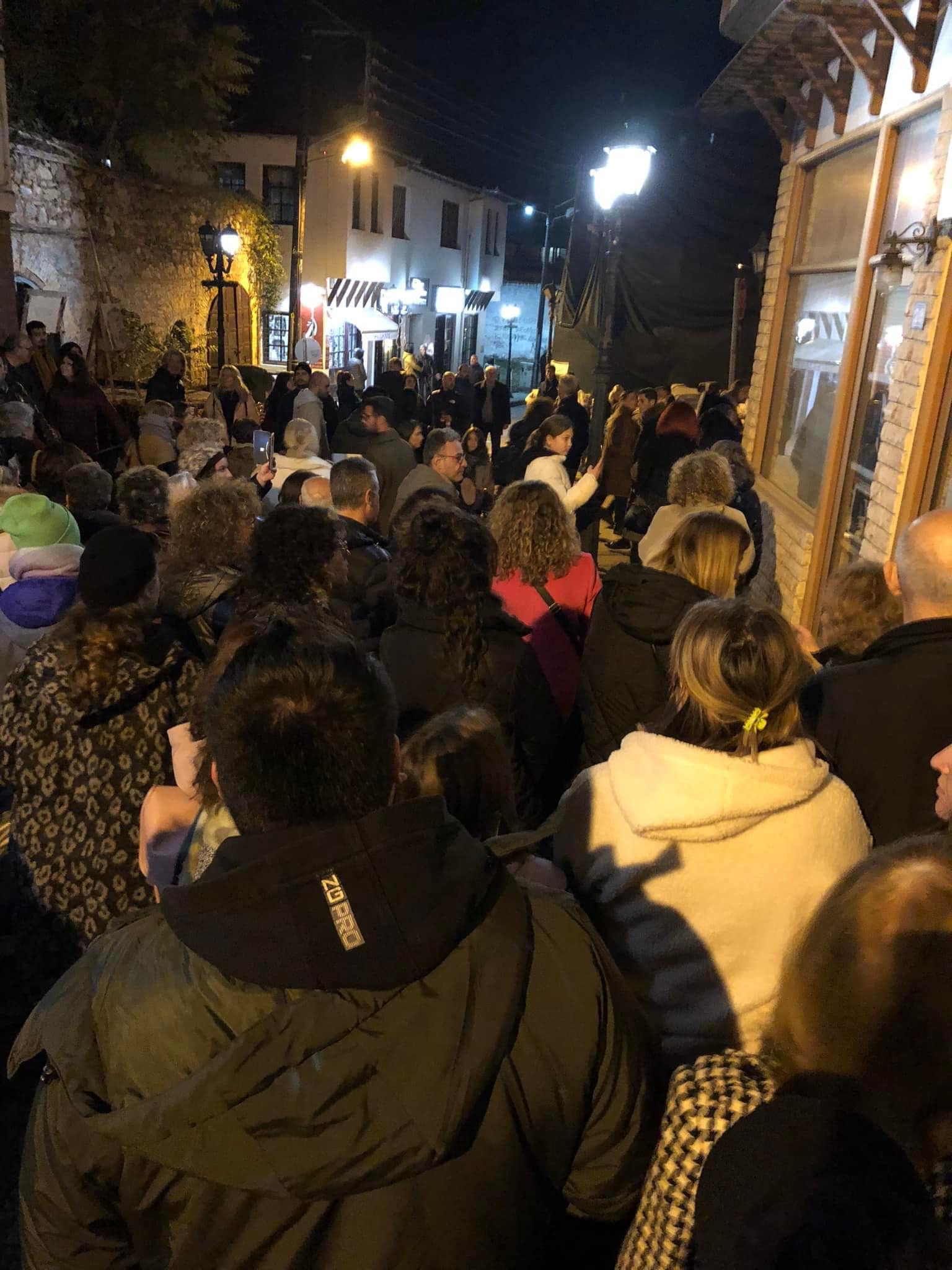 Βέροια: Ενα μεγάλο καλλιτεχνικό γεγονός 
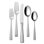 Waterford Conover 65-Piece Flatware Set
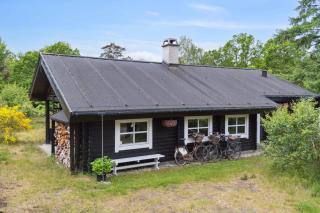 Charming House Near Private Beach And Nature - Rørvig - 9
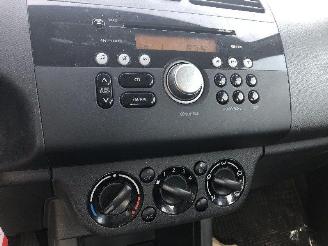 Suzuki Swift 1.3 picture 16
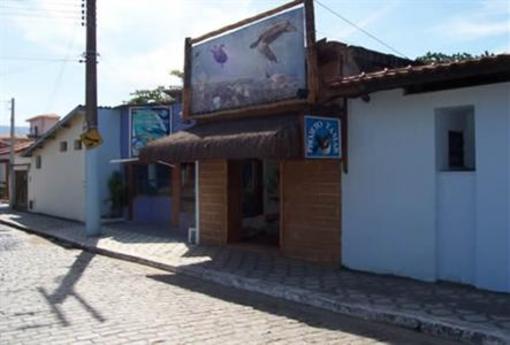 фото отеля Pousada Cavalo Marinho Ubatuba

--------------------------------------------------

Repeat the data exactly in full, omitting its pictures.

◆ Answer box
 Βέροια: Ενα μεγάλο καλλιτεχνικό γεγονός 
 Waterford Conover 65-Piece Flatware Set
 Charming House Near Private Beach And Nature - Rørvig - 9
 Suzuki Swift 1.3 picture 16
 фото отеля Pousada Cavalo Marinho Ubatuba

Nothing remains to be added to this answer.